Activation [Implementation]

  • Opening Day – Get a PR Team. Use media to create a buzz.
  • Have a soft launch to test out the kinks then have a public opening.
  • Iterate, iterate, iterate.
  • Develop a portfolio of offerings for the collaboration space
  • Implement governance and value tracking
  • Add cameras above the machine turns the machines into the project. {RaspberryPi + webcam= CheapCam}
  • Become the GoTo Place in your City. Help them know what those way are. “Here are 20 Ways to Use your Makerspace.”
  • Have a script for your tours.  What do they see? What do they touch? What questions do they think about?


Forevermore [Enhancement, Maintenance, Sustainability]

  • For enhancements, add work stations so the folks aren’t too crowded. Add equipment if you can AND there is a demand.
  • Add storage space – extra wood, projects in process.
  • Reach out to new audiences – universities, home schoolers.
  • Keep MARKETING! Get in front of everyone. Make a video. Use video conferencing.
  • Advertising is not enough, how do you get them in there?
  • Listen to users.
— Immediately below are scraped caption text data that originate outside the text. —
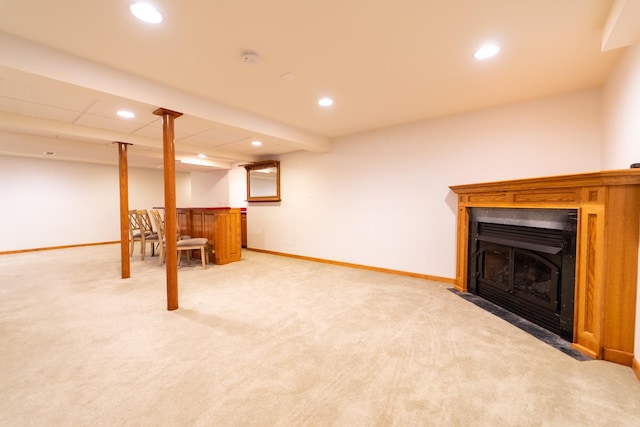 finished basement with recessed lighting, a fireplace with flush hearth, baseboards, and light colored carpet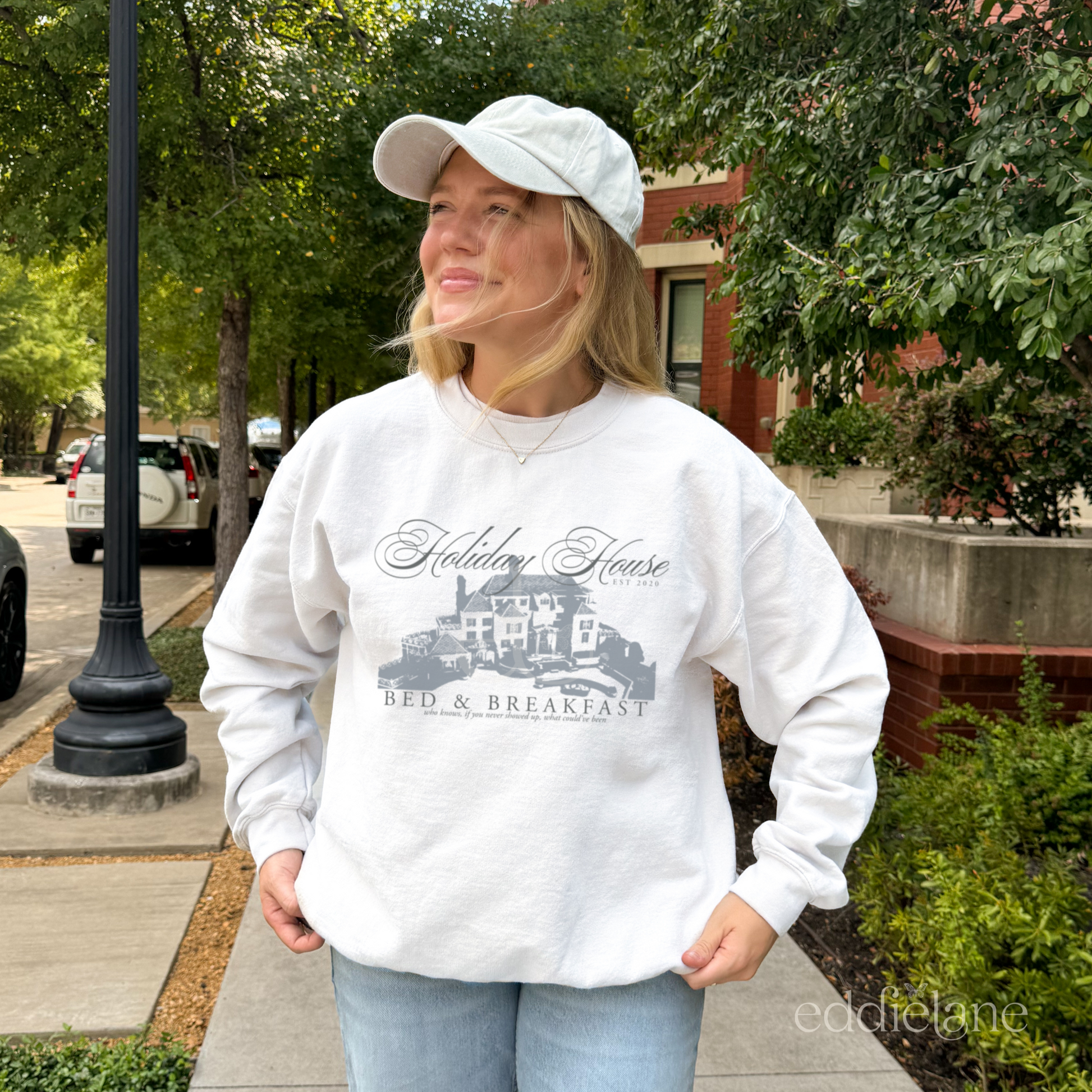 Woman wearing a white crewneck sweatshirt that says "Holiday House Bed and Breakfast" with a silhouette of the holiday house from taylor swift's the last great american dynasty from folklore.
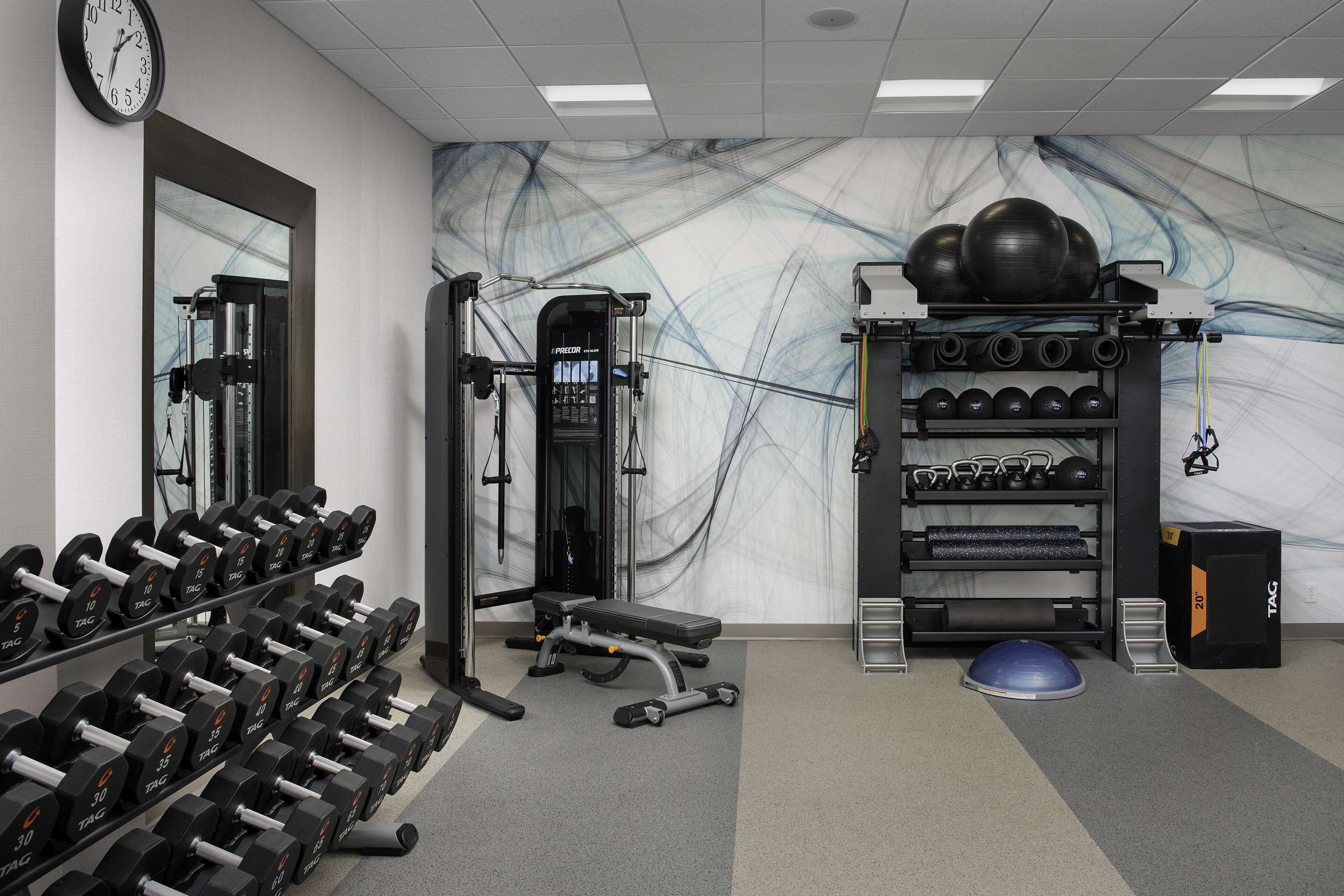 A gym with weightlifting equipment, a bench, and a wall clock.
They have the best ideas.
  • Buy the latest. Your students will then be current and more employable.


Maintenance – Plan for ongoing expenses plus service calls, supplies.

  • Build a team of volunteers – faculty, community partners – to maintain and diversify program offerings.
  • How? Invite them to attend a course. Offer to fabricate a product that they need for there work. Offer the space for them to run their class.
  • Sustainability – Act like a business. Think through who is not in your space. Why?
  • Keep the energy high. Cycle in new advisors, board, members.

Mel Cossette, National Resource Center for Materials Technology Education and T.E.A.M.

Partner with industry. Take your courses and cross walk against employers’ needs.

Using Additive Manufacturing to Support Economic Develop & Entrepreneurship

Tom Crampton, Mott Community College

  • 1.       Engage StartUp - Help them develop prototypes.  Charge fee.
  • 2.       Engage existing businesses in their new product development
  • 3.       Engage existing businesses to improve existing businesses


And then an awesome dinner with 20 Movers and Shakers in the Fab Lab scene.